A l’institut technique de l’arboriculture fruitière et de la vigne de Blida (ITAF), on estime que le système actuel de production et de développement des agrumes est à revoir, avec un rendement annuel très faible de seulement 14 tonnes à l’hectare, l’un des plus faibles du bassin méditerranéen.
Bref, l’orange algérienne est « dans tous ses états », s’accordent à dire autant les spécialistes que les responsables de la DSA de Blida, alors que les producteurs rencontrés soulèvent particulièrement le problème de la disponibilité et des coûts des engrais, d’autant que l’accès au financement des banques est de plus en plus difficile pour les petits agrumiculteurs. Mais, aux grands maux, les grands remèdes : « il faut relever le rendement annuel moyen des agrumes, il faut passer aux bonnes pratiques agricoles. Il ne s’agit pas de le faire à tout prix, mais de travailler dans le sens de consolider une agriculture durable. Le tout chimique et biologique a montré ses limites. Il faudrait protéger la filière », résume le directeur général de l’ITAF, Mahmoud Mendil.
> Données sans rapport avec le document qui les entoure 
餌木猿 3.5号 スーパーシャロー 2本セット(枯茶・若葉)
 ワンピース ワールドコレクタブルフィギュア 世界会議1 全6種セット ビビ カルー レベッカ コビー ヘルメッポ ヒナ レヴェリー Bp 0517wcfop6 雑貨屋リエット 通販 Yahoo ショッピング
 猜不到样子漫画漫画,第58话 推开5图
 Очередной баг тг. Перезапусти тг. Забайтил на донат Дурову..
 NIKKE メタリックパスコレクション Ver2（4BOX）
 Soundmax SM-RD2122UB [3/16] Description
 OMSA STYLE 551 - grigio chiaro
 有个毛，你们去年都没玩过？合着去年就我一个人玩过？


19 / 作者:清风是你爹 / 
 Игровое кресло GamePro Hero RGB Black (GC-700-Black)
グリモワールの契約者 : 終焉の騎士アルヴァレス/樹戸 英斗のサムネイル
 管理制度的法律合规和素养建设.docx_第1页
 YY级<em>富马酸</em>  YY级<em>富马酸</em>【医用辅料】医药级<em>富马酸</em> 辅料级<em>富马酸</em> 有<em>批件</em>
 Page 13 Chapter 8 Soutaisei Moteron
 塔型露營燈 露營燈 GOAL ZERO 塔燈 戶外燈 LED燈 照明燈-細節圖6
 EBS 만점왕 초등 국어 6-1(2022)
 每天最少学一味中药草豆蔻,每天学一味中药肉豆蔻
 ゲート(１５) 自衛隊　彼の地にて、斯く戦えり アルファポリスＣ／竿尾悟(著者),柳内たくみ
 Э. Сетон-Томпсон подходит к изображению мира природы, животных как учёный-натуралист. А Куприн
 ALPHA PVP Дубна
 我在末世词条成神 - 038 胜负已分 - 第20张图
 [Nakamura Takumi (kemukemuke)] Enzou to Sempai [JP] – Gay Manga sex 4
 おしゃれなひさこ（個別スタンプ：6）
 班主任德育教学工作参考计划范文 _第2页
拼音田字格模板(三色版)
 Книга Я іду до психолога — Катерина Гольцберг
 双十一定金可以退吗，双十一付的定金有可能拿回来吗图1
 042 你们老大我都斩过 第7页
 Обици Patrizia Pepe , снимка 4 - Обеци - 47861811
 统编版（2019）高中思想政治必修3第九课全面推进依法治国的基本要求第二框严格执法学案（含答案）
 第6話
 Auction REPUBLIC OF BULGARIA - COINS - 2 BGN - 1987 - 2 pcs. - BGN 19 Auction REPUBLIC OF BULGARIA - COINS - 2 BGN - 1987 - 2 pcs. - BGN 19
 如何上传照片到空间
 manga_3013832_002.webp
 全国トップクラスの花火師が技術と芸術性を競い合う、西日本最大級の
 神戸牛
Le désintérêt manifeste constaté pour cette filière a conduit à « la menace de disparition de certaines variétés d’oranges et de mandarines, dont la Satsuna qui est en voie d’extinction », selon le professeur Boutekrabt. Mais, Boufarik reste toujours le pays de l’orange : son marché de gros ventile presque les 37 % des 7,5 millions de quintaux d’oranges et de mandarines diverses produites au niveau national, avec un chiffre d’affaires colossal.
En attendant le grand retour à des prix abordables de la Navel, de la Washington et de la Thomson, des variétés précoces (novembre-janvier), il est permis de rêver à des prix tout aussi cléments pour les variétés tardives (décembre-avril), comme la « Moro » (la sanguine), la « Maltaise », la « Valencia », la « Portugaise » ou même la « Sanguinello muscato » et la « Tarroco », des variétés qui ont depuis très longtemps essaimé leurs graines dans les vergers de plusieurs pays du sud de la Méditerranée.